There needs to be greater surveillance across India for the West Nile Virus

•The death of a child in Kerala’s Malappuram district has drawn attention to the epidemiology of the little-known West Nile Virus in India. Though awareness is low, the virus is endemic to several States. The first documented WNV case in Kerala was in Alappuzha in 2011, with the numbers then growing. However, official records do not reflect this, given the difficulty of diagnosing WNV in its acute phase. This microbe is serologically similar to the Japanese Encephalitis virus, which means a go-to test, ELISA, often fails to differentiate JE antibodies from WNV antibodies. More tests are typically needed to confirm WNV, and while the results appear in journals, they don’t always make it to State surveillance systems. This is why, though a 2014 Journal of Clinical Virology paper identified the 2011 Alappuzha outbreak as WNV, with around six deaths, Kerala’s health department is calling the Malappuram death the State’s first. The confirmation triggered an alert, but it doesn’t mean Kerala did not have WNV deaths before.

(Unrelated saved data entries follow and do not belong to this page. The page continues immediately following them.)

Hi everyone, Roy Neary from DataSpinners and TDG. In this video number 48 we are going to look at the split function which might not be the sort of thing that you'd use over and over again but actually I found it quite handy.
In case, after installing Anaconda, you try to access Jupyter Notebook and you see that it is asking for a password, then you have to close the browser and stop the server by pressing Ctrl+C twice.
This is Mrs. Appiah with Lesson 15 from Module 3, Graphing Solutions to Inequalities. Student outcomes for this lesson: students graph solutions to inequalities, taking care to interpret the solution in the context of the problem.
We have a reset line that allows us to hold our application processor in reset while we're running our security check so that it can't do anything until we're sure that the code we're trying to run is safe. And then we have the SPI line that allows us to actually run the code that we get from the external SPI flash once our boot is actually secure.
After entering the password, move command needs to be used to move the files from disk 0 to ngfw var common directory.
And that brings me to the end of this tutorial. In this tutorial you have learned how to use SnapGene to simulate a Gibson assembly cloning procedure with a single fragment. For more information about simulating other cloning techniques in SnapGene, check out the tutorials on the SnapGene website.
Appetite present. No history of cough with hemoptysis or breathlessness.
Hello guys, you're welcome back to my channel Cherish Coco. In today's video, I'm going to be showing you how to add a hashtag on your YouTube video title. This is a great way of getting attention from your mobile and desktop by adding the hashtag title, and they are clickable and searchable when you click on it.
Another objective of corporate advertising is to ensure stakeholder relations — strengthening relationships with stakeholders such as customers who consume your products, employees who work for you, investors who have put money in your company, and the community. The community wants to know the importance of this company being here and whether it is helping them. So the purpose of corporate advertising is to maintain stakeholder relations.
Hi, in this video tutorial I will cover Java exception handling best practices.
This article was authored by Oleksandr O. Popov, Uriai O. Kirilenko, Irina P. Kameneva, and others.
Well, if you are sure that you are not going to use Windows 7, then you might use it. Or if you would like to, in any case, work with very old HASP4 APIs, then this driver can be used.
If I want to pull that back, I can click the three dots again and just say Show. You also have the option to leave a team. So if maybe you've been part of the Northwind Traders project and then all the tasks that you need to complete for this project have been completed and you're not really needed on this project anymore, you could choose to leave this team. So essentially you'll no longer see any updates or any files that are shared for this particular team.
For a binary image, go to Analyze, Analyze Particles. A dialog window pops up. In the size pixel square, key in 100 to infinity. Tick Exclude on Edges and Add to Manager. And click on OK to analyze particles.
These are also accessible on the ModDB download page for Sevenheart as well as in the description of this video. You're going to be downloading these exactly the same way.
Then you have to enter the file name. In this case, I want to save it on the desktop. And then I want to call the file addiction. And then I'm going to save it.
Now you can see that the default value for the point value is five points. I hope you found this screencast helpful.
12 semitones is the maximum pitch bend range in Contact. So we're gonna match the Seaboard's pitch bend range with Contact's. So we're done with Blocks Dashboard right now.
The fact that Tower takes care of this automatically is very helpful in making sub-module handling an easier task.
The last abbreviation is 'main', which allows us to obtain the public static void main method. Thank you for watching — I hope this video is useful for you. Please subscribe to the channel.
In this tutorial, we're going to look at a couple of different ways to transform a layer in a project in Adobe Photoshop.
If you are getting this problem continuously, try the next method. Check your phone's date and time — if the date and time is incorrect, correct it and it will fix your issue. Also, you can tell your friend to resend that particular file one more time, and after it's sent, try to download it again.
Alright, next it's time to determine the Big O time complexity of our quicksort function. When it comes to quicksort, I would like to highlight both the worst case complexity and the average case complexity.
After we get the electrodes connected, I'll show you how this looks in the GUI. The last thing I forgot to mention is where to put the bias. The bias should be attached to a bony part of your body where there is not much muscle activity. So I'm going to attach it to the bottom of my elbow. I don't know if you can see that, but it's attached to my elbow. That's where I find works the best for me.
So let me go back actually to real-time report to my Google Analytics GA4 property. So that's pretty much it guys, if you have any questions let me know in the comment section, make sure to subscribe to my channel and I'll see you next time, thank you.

•Nevertheless, the alert is a welcome move. It means that State health authorities will look harder for the disease. Historically, wherever Indian researchers have looked for the WNV, they have found it. The first sign of its presence came from positive antibody tests among residents of Bombay in 1952. Thereafter, it began showing up in encephalitis patients in many of the places it was tested for, including Maharashtra, Assam and Madhya Pradesh. In Malappuram too, the rapid diagnosis was driven by heightened surveillance in Kerala following the 2018 Nipah outbreak. Patient samples were sent to the Manipal Centre for Virus Research, which deployed the Plaque Reduction Neutralisation Test, more specific than ELISA. If more States used such diagnostics, it would help determine just how widespread WNV is in India. There is a good chance the virus is a significant cause of Acute Encephalitis Syndrome, the infamous basket of illnesses with no known aetiology that affect over 10,000 Indians each year. Still, WNV rarely kills. In less than 1% of infections, the virus travels to the brain, triggering potentially fatal encephalitis. Otherwise, it merely causes a mild flu-like illness. This could change. Viruses are known to adapt for both greater virulence and more efficient transmission. Urbanisation and land-use changes are bringing the virus’s zoonotic hosts, such as birds, in more frequent contact with humans. Given increased mobility, viruses can hitch a ride to new regions via infected humans and vectors. All this makes the WNV a formidable foe. India’s best defence is better surveillance, which will help doctors reach patients early to prevent complications. Kerala could not prevent the death in Malappuram, but other States should adopt its model of heightened surveillance.